Arn Chorn-Pond
Cambodia Advisor
Arn Chorn-Pond, a native of Cambodia, is a survivor of the Khmer Rouge Killing Fields and an internationally recognized human rights leader, speaker and trainer. Currently the Director of Youth Programs for the Cambodian Mutual Assistance Association in Lowell, Mass., Chorn-Pond became a special advisor on Cambodian affairs for Clear Path International in early 2001.
Born into a family of performers and musicians from Cambodia's second-largest city, Battambang, Chorn-Pond was sent to a children's work camp after the Khmer Rouge came to power in 1975. He escaped death by execution and starvation by playing his flute for camp's guards and later fled his captors when Vietnamese troops invaded Cambodia in 1979. Chorn-Pond managed to reach a refugee camp in Thailand where Peter Pond, a Lutheran minister and aid worker, befriended and adopted him.

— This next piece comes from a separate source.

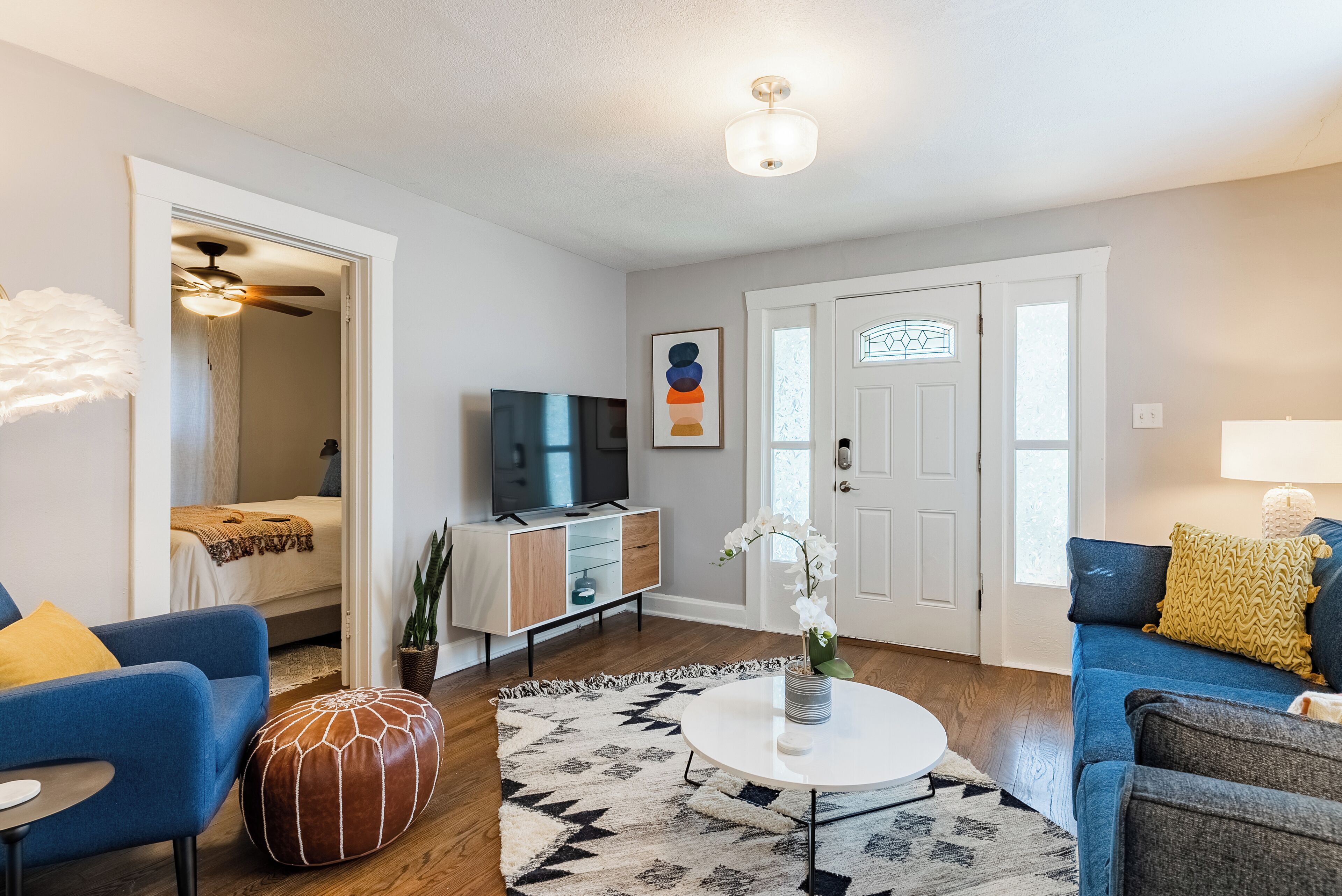 2 camere, ferro/asse da stiro, Wi-Fi gratuito, lenzuola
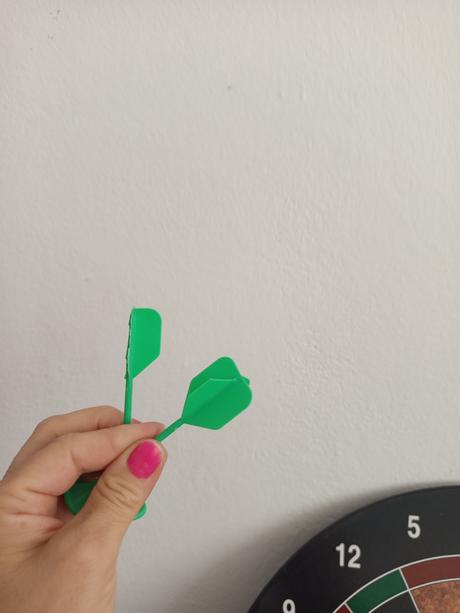 Šipky magnetické,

Once educated in the United States, Chorn-Pond began a series of community rebuilding projects and founded several organizations, including Children of War, Cambodian Volunteers for Community Development, and Peace Makers, a U.S.-based gang-intervention project for Southeast Asian youths. In the mid 1990s, Chorn-Pond began the Cambodian Master Performers Program to help save his country's musical heritage.
Chorn-Pond is the recipient of the Reebok Human Rights Award, the Anne Frank Memorial Award and the Kohl Foundation International Peace Prize. He is an accomplished musician, recording artist and performer who travels the world meeting with young people from war zones.